#"Hydroxylamine"#, #HONH_2# is a weak Bronsted base with #K_b=10^-8#. What is #pH# for a #0.024*mol*L^-1# solution?

1 Answer
anor277
Apr 21, 2017

We need the stoichiometric equation............and get #pH~=9.#

Explanation:

#HONH_2(aq) + H_2O(l) rightleftharpoonsHONH_3^+ + HO^-#

And then we write the equilibrium expression:

#K_b=10^-8=([HONH_3^+][HO^-])/([HONH_2])#,

And we make the usual approximations, and invoke #x# as the moles of hydroxylamine that associate,

#K_b=x^2/(0.024-x)#

And if #"0.024>>>"x#, then #x~=sqrt(K_bxx0.024)#

i.e. #x~=sqrt(10^-8xx0.024)#

#x_1=1.55xx10^-5*mol*L^-1#, which is indeed small compared to #0.024#, but let us recycle that value back into the equation......
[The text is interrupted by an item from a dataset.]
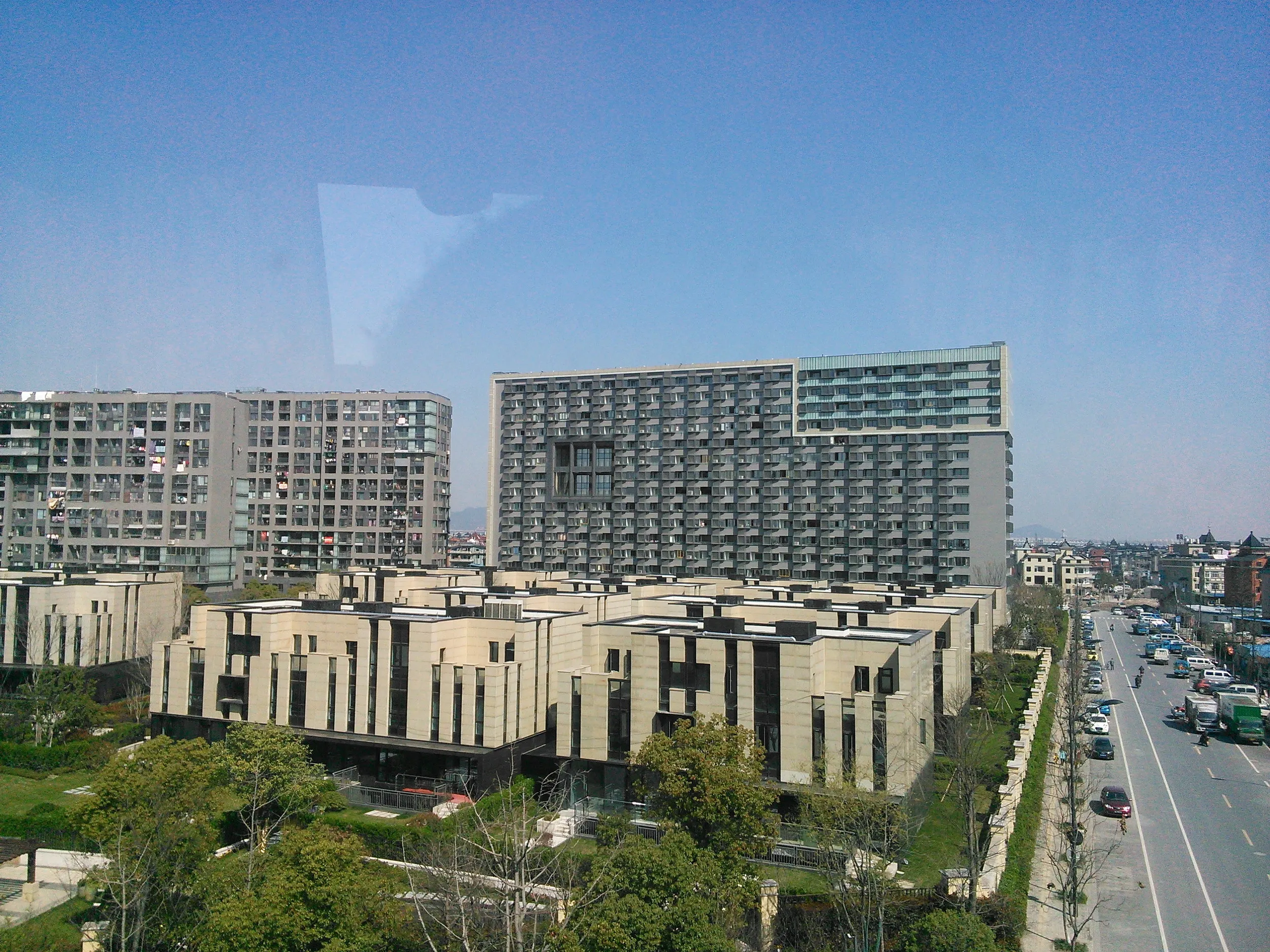 杭州の車窓風景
#x_2=1.55xx10^-5*mol*L^-1#,

So, from the equilibrium expression, we now know #x=[HO^-]=1.55xx10^-5*mol*L^-1#.

How does this help us, as we were asked to measure #pH#?

Well in aqueous solution under standard condtions, #pH+pOH=14#, thus #pH=14-pOH=14+log_10{1.55xx10^-5}~=9#. This is slightly basic, as we would expect for a weak Bronsted base.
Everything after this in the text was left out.